Most traders didn’t pay much attention to the difference between two significant interest rates—the London Interbank Offered Rate (LIBOR) and the Overnight Indexed Swap (OIS) rate—a decade ago. Because the distance, or “spread,” between the two was so small until 2008. However, when LIBOR momentarily increased in proportion to OIS during the financial crisis that began in 2007, the financial industry took notice.
Today, the LIBOR-OIS spread is regarded as an important indicator of credit risk in the banking industry.
To understand why the difference between these two rates matters, it’s necessary to first understand how they vary.
The Intercontinental Exchange, the organization responsible for LIBOR, will discontinue releasing one-week and two-month USD LIBOR after Dec. 31, 2021. All other LIBOR rates will be phased out after June 30, 2023.
Defining the Two Rates
LIBOR (officially known as ICE LIBOR since February 2014) is the average interest rate that banks charge each other for short-term, unsecured loans. The rate for different lending durations—from overnight to one year—are published daily. The interest charges on many mortgages, student loans, credit cards, and other financial products are tied to one of these LIBOR rates.
LIBOR is designed to provide banks around the world with an accurate picture of how much it costs to borrow short term. Each day, several of the world’s leading banks report what it would cost them to borrow from other lenders on the London interbank market.
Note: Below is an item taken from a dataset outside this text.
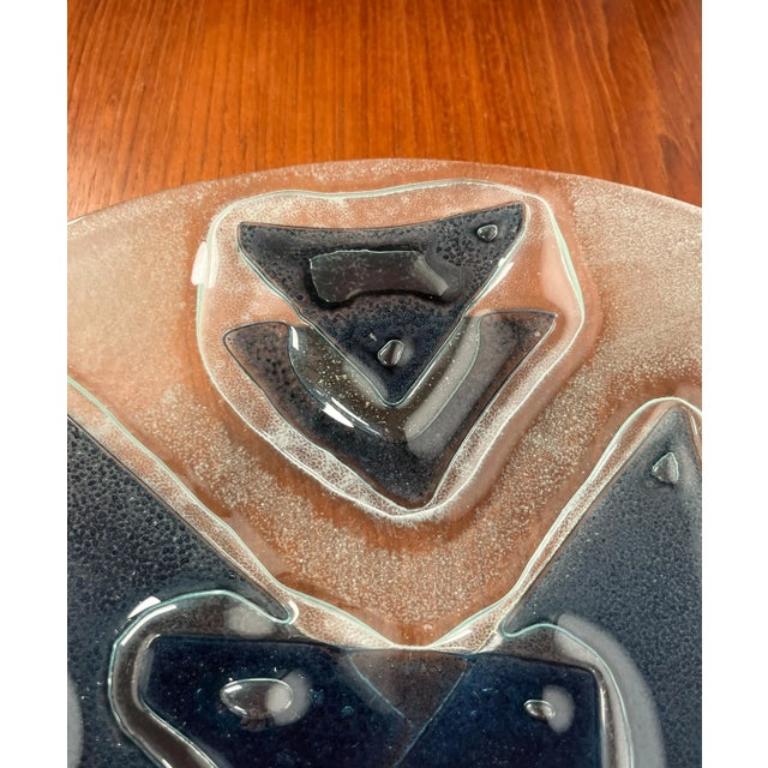 Verre Grand bol danois en verre d'art du milieu du siècle, années 1960 en vente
LIBOR is the average of these responses.
The OIS, meanwhile, represents a given country’s central bank rate throughout a certain period; in the US, that’s the Fed funds rate—the key interest rate controlled by the Federal Reserve, commonly called “the Fed”. If a commercial bank or a corporation wants to convert from variable interest to fixed interest payments—or vice versa—it could “swap” interest obligations with a counterparty. For example, a U.S. entity may decide to exchange a floating rate, the Fed Funds Effective Rate, for a fixed one, the OIS rate. In the last 10 years, there’s been a marked shift toward OIS for certain derivative transactions.
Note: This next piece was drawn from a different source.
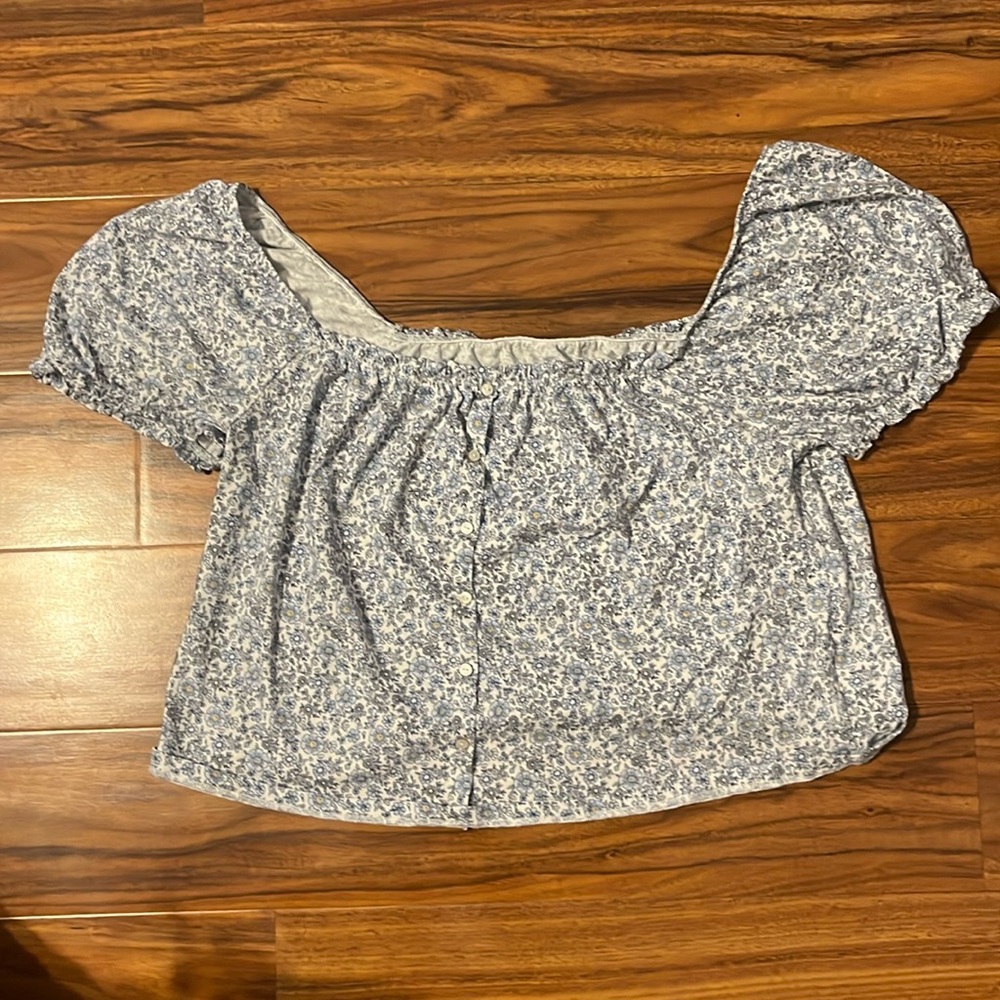 American Eagle Puff Sleeve Shirt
Because the parties in a basic interest rate swap trade the difference between the two interest streams rather than the principle, credit risk isn’t a prominent issue in deciding the OIS rate. It also has little impact on LIBOR during typical economic times. However, we now know that during times of crisis, when various lenders begin to worry about each other’s solvency, this relationship shifts.
Prior to the subprime mortgage crisis in 2007 and 2008, the difference between the two rates was as little as 0.01 percentage point. At the height of the crisis, the disparity reached 3.65 percentage points.
The graphic below depicts the LIBOR-OIS spread before and after the financial crash. During the crisis, the spread expanded for all LIBOR rates, but it widened significantly more for longer-term rates.
The Bottom Line
The LIBOR-OIS spread reflects the difference between an interest rate that includes some credit risk and one that does not. As a result, when the disparity grows, it indicates that the financial industry is on edge.